Beginning with the line that holds "Picture of kate" in the data below, give again every line through the one that holds "Eldgos við Fagradalsfjall.", exactly as written.

Supplied material:
____
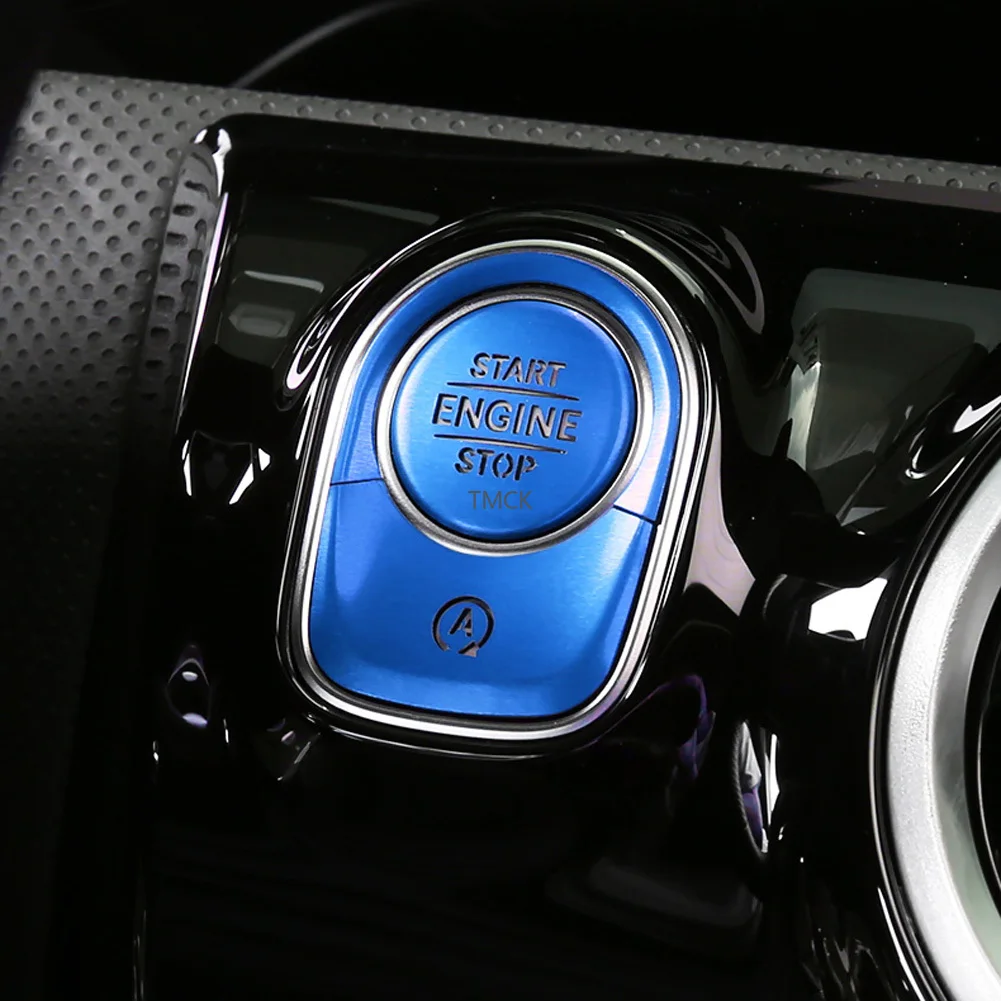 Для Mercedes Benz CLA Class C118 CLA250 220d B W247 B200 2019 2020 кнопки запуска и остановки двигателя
____
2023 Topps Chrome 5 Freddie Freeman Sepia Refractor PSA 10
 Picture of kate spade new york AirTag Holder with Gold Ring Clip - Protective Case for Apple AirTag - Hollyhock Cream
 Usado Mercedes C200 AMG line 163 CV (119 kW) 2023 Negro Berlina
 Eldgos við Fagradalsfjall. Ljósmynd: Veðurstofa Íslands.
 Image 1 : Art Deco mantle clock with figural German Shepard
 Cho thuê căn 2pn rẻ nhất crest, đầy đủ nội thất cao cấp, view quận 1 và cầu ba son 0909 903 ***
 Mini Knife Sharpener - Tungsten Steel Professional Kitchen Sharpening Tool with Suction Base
____
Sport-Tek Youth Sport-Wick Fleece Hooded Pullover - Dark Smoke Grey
____
Response to this task:
 Picture of kate spade new york AirTag Holder with Gold Ring Clip - Protective Case for Apple AirTag - Hollyhock Cream
 Usado Mercedes C200 AMG line 163 CV (119 kW) 2023 Negro Berlina
 Eldgos við Fagradalsfjall. Ljósmynd: Veðurstofa Íslands.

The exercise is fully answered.